Python Machine Learning — Getting Started

Machine learning lets computers learn from data and make predictions without being explicitly programmed. This tutorial covers the fundamentals with scikit-learn.

Learning Objectives

Understand the ML workflow
Build regression and classification models
Evaluate model performance with proper metrics
Avoid common ML pitfalls
Apply feature engineering techniques

What is Machine Learning?

Architecture Diagram

Traditional Programming:
  Input + Rules ------► Output
  (data + if/else)     (result)

Machine Learning:
  Input + Output ------► Rules
  (data + labels)       (learned model)

Example: Instead of writing rules to identify spam emails:

Traditional: if "free money" in email: spam = True
ML: Show the model 10,000 emails labeled "spam" or "not spam", and it learns the patterns itself.

Types of Machine Learning

Type	Goal	Example Algorithms
Supervised (Regression)	Predict continuous value	Linear Regression, Ridge
Supervised (Classification)	Predict category	Logistic Regression, SVM
Unsupervised (Clustering)	Find groups	K-Means, DBSCAN
Unsupervised (Dimensionality)	Reduce features	PCA, t-SNE
Reinforcement	Learn from actions	Q-Learning, Policy Gradient

The ML Workflow

Architecture Diagram

1. Collect Data
       |
       v
2. Clean & Prepare Data
       |
       v
3. Feature Engineering
       |
       v
4. Split into Train/Test Sets
       |
       v
5. Choose a Model
       |
       v
6. Train the Model
       |
       v
7. Evaluate Performance
       |
       v
8. Tune Hyperparameters
       |
       v
9. Deploy

Data Preparation and Splitting

Train/Test Split

from sklearn.model_selection import train_test_split

# Always split BEFORE any preprocessing
X_train, X_test, y_train, y_test = train_test_split(
    X, y,
    test_size=0.2,       # 20% for testing
    random_state=42,     # Reproducible splits
    stratify=y           # Maintain class distribution (classification)
)

print(f"Training samples: {len(X_train)}")
print(f"Test samples: {len(X_test)}")

Cross-Validation

Cross-validation gives a more robust estimate of model performance than a single train/test split.

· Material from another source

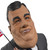 Chris Christie Mask Adult Costume Accessory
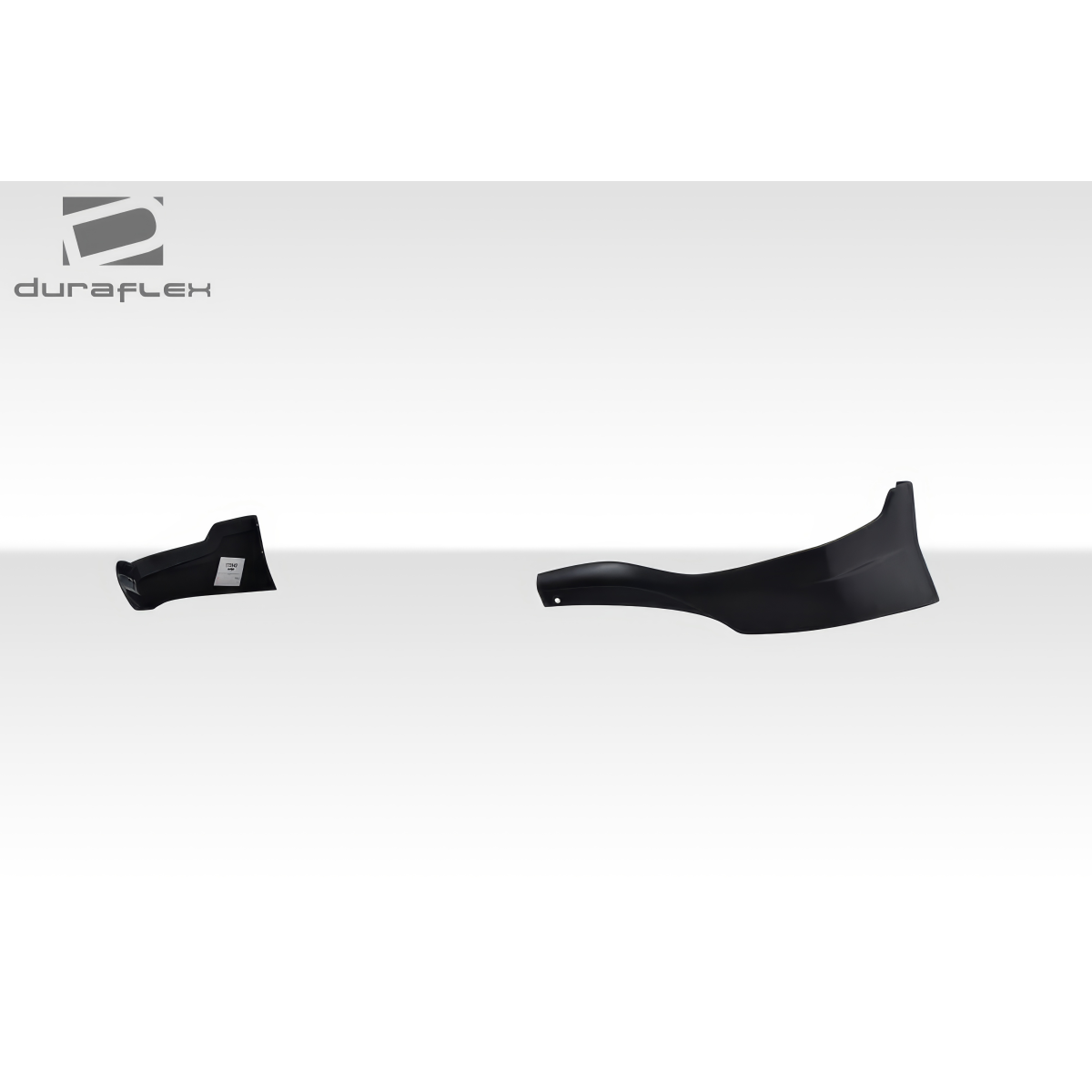 Modify your Toyota Corolla 2014 with our Exterior/Rear Bumpers or Lips - Side angle view of rear lip part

from sklearn.model_selection import cross_val_score, KFold
import numpy as np

# 5-fold cross-validation
scores = cross_val_score(model, X, y, cv=5, scoring='accuracy')
print(f"CV Accuracy: {scores.mean():.2%} (+/- {scores.std():.2%})")

# Stratified K-Fold (preserves class distribution)
kf = KFold(n_splits=5, shuffle=True, random_state=42)
scores = cross_val_score(model, X, y, cv=kf)

Why Split First?

# BAD: Data leakage — test data influences training
scaler.fit(X)  # Sees ALL data including test
X_train, X_test = train_test_split(X)

# GOOD: Split first, then preprocess
X_train, X_test, y_train, y_test = train_test_split(X, y)
scaler.fit(X_train)           # Only training data
X_train_scaled = scaler.transform(X_train)
X_test_scaled = scaler.transform(X_test)  # Use same scaler

Feature Engineering

Feature engineering transforms raw data into features that better represent the underlying problem.

import pandas as pd
import numpy as np

# Numeric features
df['log_income'] = np.log1p(df['income'])  # Handle skewed data
df['age_squared'] = df['age'] ** 2          # Non-linear relationship

# Categorical features
df['city_encoded'] = df['city'].map({'NYC': 0, 'LA': 1, 'Chicago': 2})

# One-hot encoding
dummies = pd.get_dummies(df['city'], prefix='city')
df = pd.concat([df, dummies], axis=1)

# Binning continuous variables
df['age_group'] = pd.cut(df['age'], bins=[0, 18, 35, 50, 100],
                         labels=['Youth', 'Young Adult', 'Middle Age', 'Senior'])

# Date features
df['day_of_week'] = pd.to_datetime(df['date']).dt.dayofweek
df['month'] = pd.to_datetime(df['date']).dt.month
df['is_weekend'] = df['day_of_week'].isin([5, 6]).astype(int)

# Interaction features
df['income_per_age'] = df['income'] / df['age']

Scaling Features

from sklearn.preprocessing import StandardScaler, MinMaxScaler, RobustScaler

# StandardScaler: mean=0, std=1 (most common)
scaler = StandardScaler()
X_train_scaled = scaler.fit_transform(X_train)
X_test_scaled = scaler.transform(X_test)

# MinMaxScaler: scales to [0, 1]
scaler = MinMaxScaler()
X_train_scaled = scaler.fit_transform(X_train)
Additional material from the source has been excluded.